**PROBLEM**
Using the listing below, give again exactly the lines from the line with "Магнитный плакат 3Х2" to the line with "Radiant Hisuian Sneasler", inclusive, without the pictures.

= = = = = = =

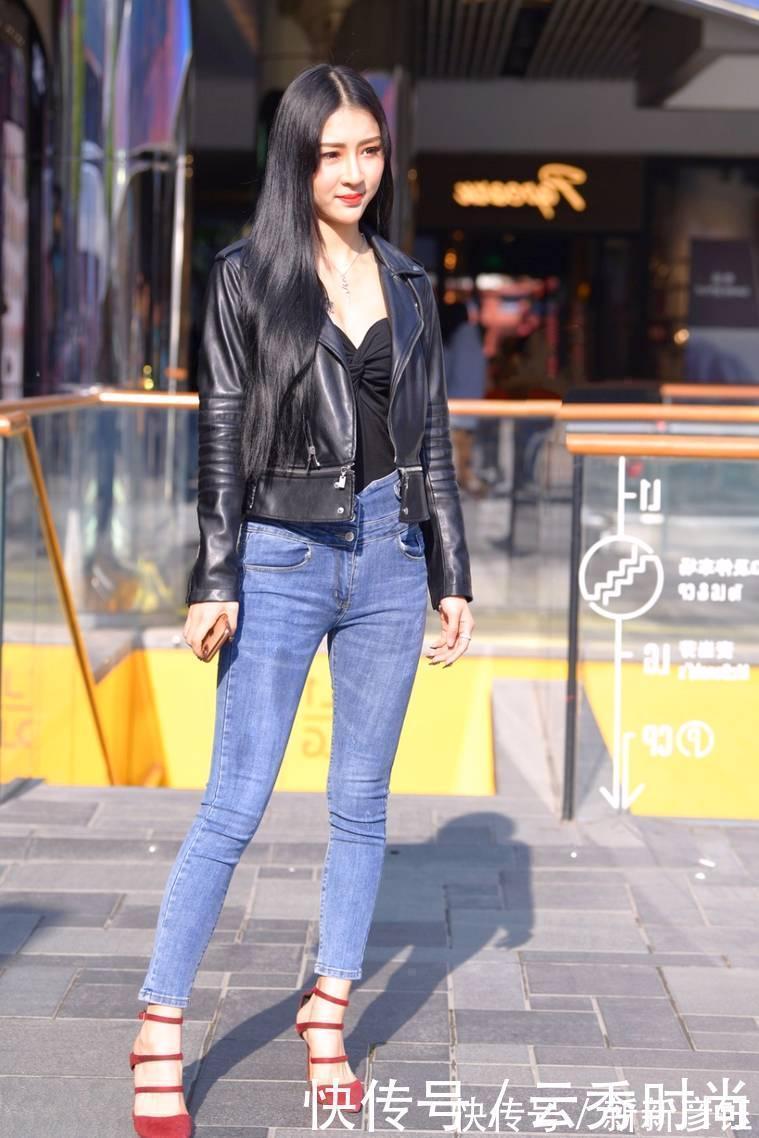 外观 这样的时尚小姐姐，内搭一件V领上衣，让自己成为最美的景色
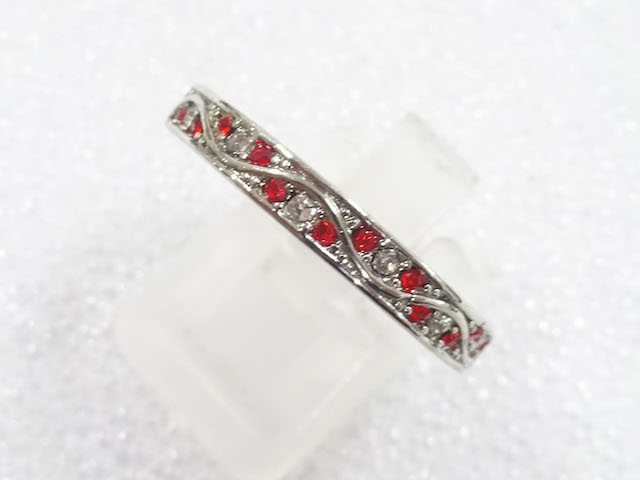 JAPANESE KIMONO / ANTIQUE COLORED STONE RING (SIZE 15.5)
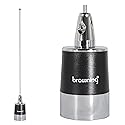 Tram Browning 450 to 490 MHz No Ground Plane UHF 2.4 dBd Gain 13" Tall Tunable NMO Antenna Works on Fiberglass, Plastic and Metal Vehicles 20 MHz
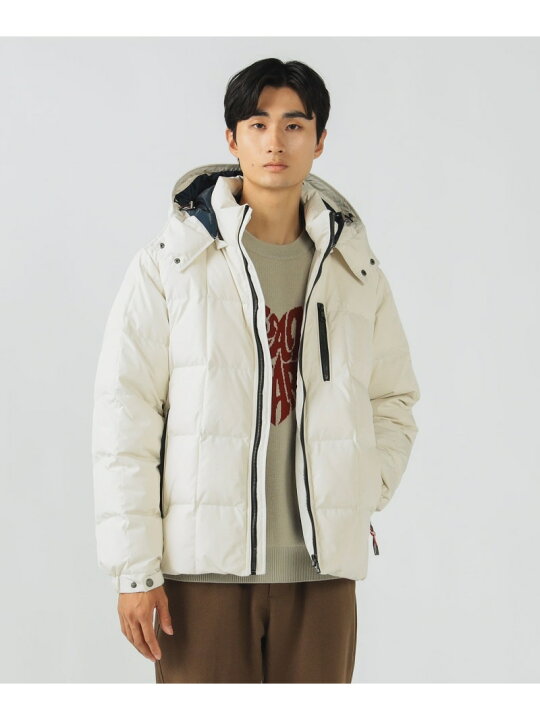 BEAMS ビームス ダウンジャケット ホワイトジップ XL 黒 良品BEAMS 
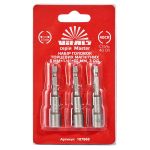 Набір головок торцевих магнітних 12 мм 1/4″×65 мм 3 шт. Vitals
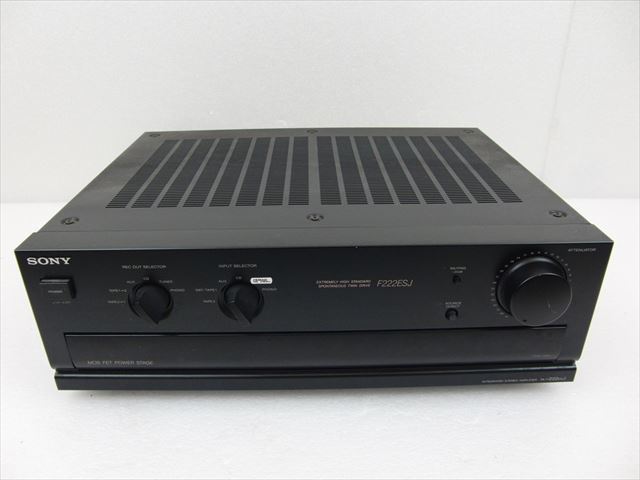 ▽SONY ソニー TA-F222ESJ アンプ 音出し確認済 現状品 中古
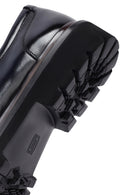 Male Navy Lace-up Thick-Soled Leather Casual Shoes | Derimod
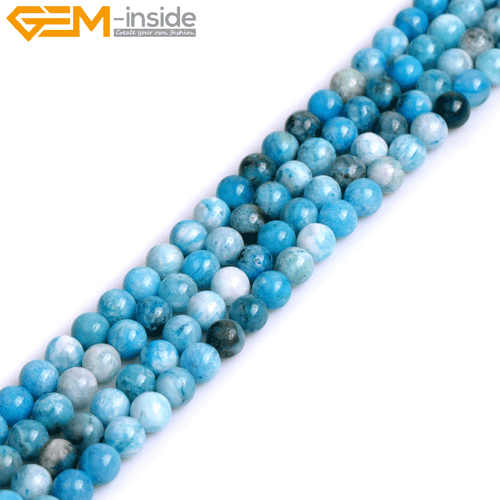 Echter Hemimorphit Natürlicher Edelstein Lose Perlen für Schmuckherstellung Strang 15 Zoll - Bild 9 von 37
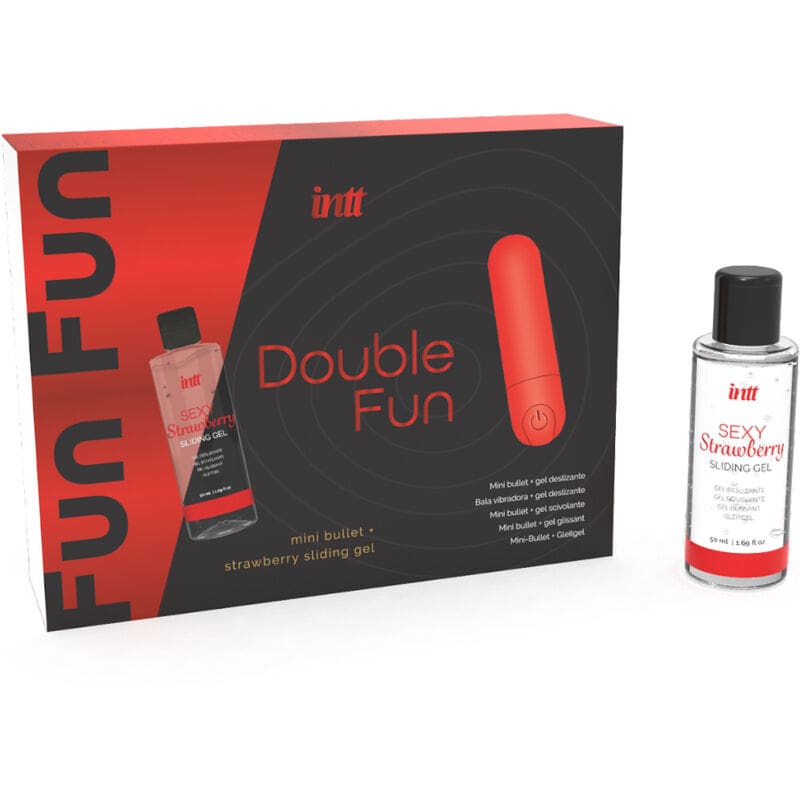 INTT RELEASES – DOUBLE FUN KIT WITH VIBRATING BULLET AND STRAWBERRY MASSAGE GEL 2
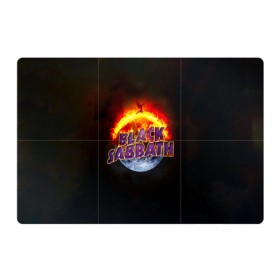 Магнитный плакат 3Х2 с принтом Black Sabbath земля в огне в Курске, Полимерный материал с магнитным слоем | 6 деталей размером 9*9 см | black sabbath | группа | метал | надпись | оззи | осборн | хард рок | хеви метал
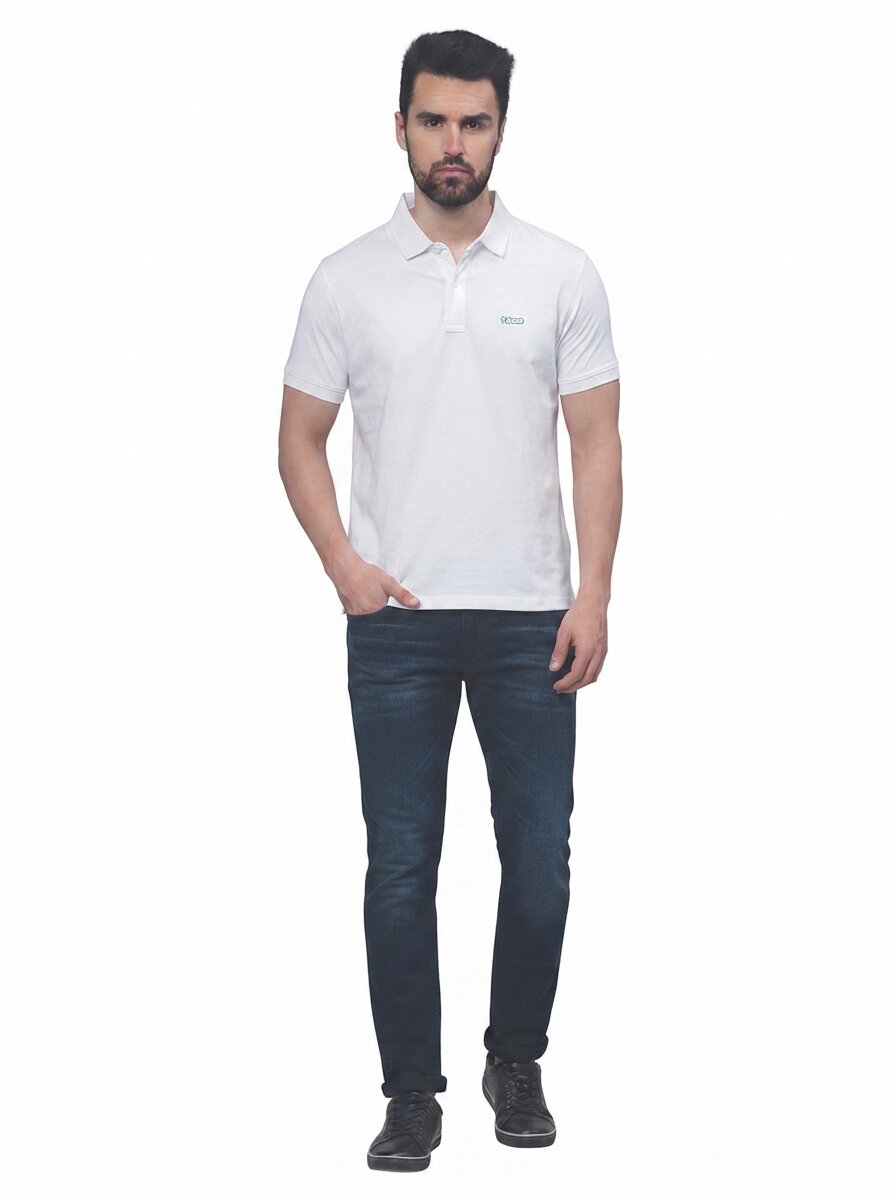 T-Base Men's Solid Polo T-Shirt |  Regular Fit | Half Sleeve | Polo Collar |BROKEN WHITE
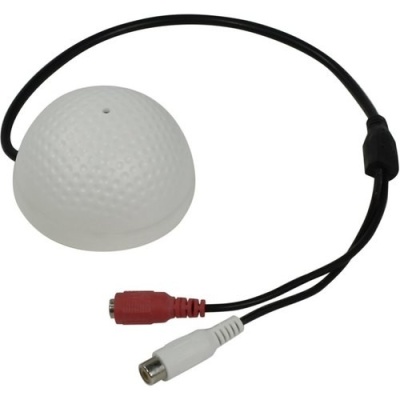 ORIENT VMC-07X, Высокочувствительный активный микрофон для видеосистем, АРУ, акустическая площадь до 100 м2, 100-5500 Гц, питание 6-12В, разъемы: RCA+ питание, купольный корпус 70мм , 40мм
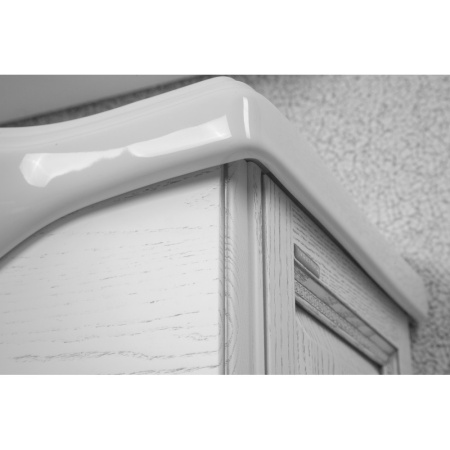 ЖЕРОНА 105 тумба-умывальник белое серебро БЕЗ раковины в Сочи и Адлере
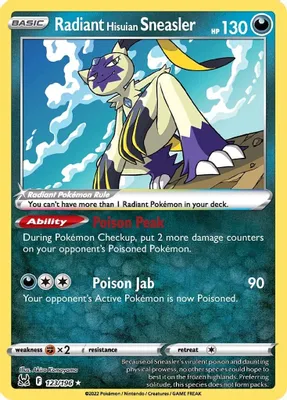 Radiant Hisuian Sneasler from SWSH11: Lost Origin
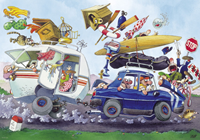 Cartoon Classic - Off on Holiday Puzzel (500 stukjes)-2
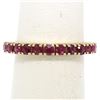 Image 3 : 14K Yellow Gold 2.75 ctw 25 Prong Set Blood Red Ruby Eternity Band Ring Size 6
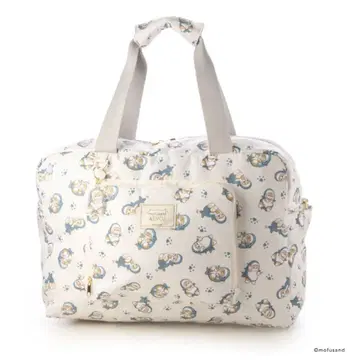 motusand 펭귄 패턴 보스턴 백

= = = = = = =

**EXPECTED ANSWER**
 Магнитный плакат 3Х2 с принтом Black Sabbath земля в огне в Курске, Полимерный материал с магнитным слоем | 6 деталей размером 9*9 см | black sabbath | группа | метал | надпись | оззи | осборн | хард рок | хеви метал
 T-Base Men's Solid Polo T-Shirt |  Regular Fit | Half Sleeve | Polo Collar |BROKEN WHITE
 ORIENT VMC-07X, Высокочувствительный активный микрофон для видеосистем, АРУ, акустическая площадь до 100 м2, 100-5500 Гц, питание 6-12В, разъемы: RCA+ питание, купольный корпус 70мм , 40мм
 ЖЕРОНА 105 тумба-умывальник белое серебро БЕЗ раковины в Сочи и Адлере
 Radiant Hisuian Sneasler from SWSH11: Lost Origin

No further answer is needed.